Subsquid Processor

Repository

GitHub - litentry/squid: Litentry's Squid is a multi chain data indexer for Substrate based networks
GitHub

Overview

A NodeJS application built with Subsquid, using Postgres for data storage, GraphQL for exposing the data to clients, and Docker, Nginx and Letsencrypt for deployment.

Getting Started

1
git clone https://github.com/litentry/squid
2
cd squid
3
yarn
4
yarn db:init
5
yarn dev:kusama # runs the kusama processor
6
7
# open a new terminal
8
yarn query-node # runs the graphql terminal
Copied!

Workflow

Generating Metadata

Metadata from the chain is required to allow us to build the types of the events and extrinsics data. We store the data in chains/{network}/{network}Versions.json.
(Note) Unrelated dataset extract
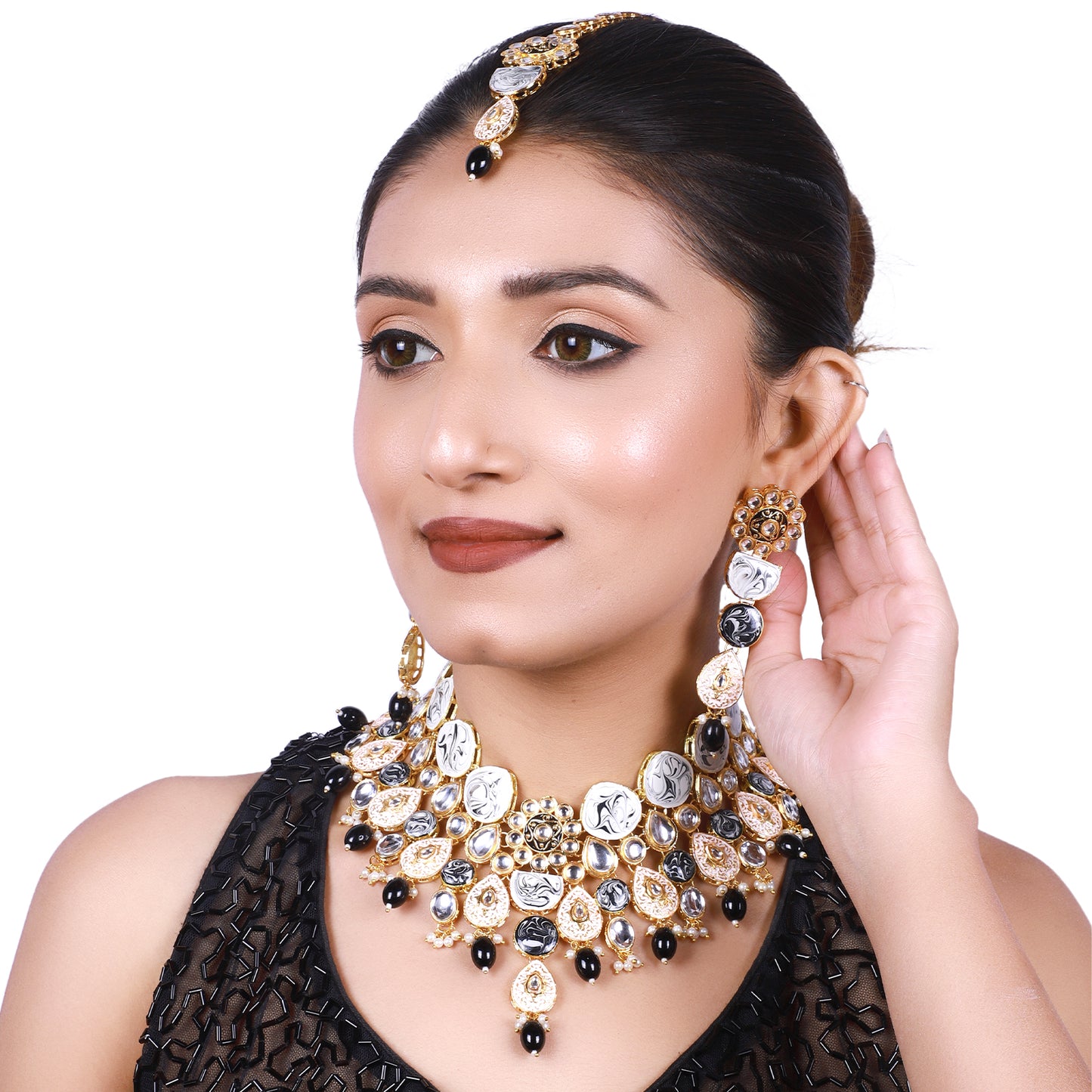 Sujwel Kundan and Meenakari with Floral Design Necklace Set (08-0500)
To generate (or update) this file run:
1
make exploreKusama # replace the network name for other networks
Copied!

Generating Types

The generation of types relies on the metadata file (see above), and the typegen file (chains/{network}/{network}Typegen.json). The properties of the typegen file are:
  • outDir: the folder to generate the types files in (../../src/types/{network})
  • chainVersions: the metadata file generated in the section above
  • typesBundle: this is for the Polkadot API types (the ones used in ApiPromise.create), if Subsquid have the types already you can simply specify the network name, if not you have to download them and enter the relative path to the file here.
  • events: an array of events you want to process using the format pallet.event
  • extrinsics: an array of extrinsics you want to process using the format pallet.extrinsic
To index new events/extrinsics on an existing processor add to the relevant array and run:
1
make typegenKusama # replace the network name for other networks
Copied!

Defining the Schema

In schema.graphql we define the entities for our graph, then use codegen to generate models. As the processor graph is designed to be used within Litentry Graph is it vital that everything in the schema is prefixed with "Substrate" to avoid conflicts.
All blockchain indexers must be idempotent else the data will not be accurate. This is especially important in our multi chain Squid. The IDs of the entities must be unique to the network, else the individual network processors will overwrite each other's records.
In the processors we set the postgres isolation level to "REPEATABLE READ" instead of the default "SERIALIZE" level. This is because the default locks the tables preventing us from running multiple processors at the same time. This highlights the importance of idempotent schema design and event/extrinsic processing logic.
For entities that have a many to one relationship with SubstrateAccount "network:blockNumber:index" (where index is the index of the event or extrinsic on the block) is a reliable ID.
Once the schema is defined we generate the models (in src/models) by running:
1
yarn codegen
Copied!

Creating Migrations

After updating the schema and generating the models we need to create a new migration by running:
1
yarn migration
Copied!
To run the new migration run:
1
yarn migrate
2
3
# or do this instead for a fresh database:
4
yarn db:init
Copied!

Handling Events & Extrinsics

The handlers are in src/handlers and they are consumed in src/processors/{network}Processor.ts.
For each event or extrinsic the handler needs to construct the types properly based on the network's metadata version used on the block being indexed. We do this at the top of the handler file, first declaring a consistent type the handler will use, then a function to use the types generated by typegen to extract the data accurately.
The functions to get the types for the events and extrinsics are a little verbose and tediously repetitive, but if we don't use accurate types based on versioned metadata we are likely to introduce bugs.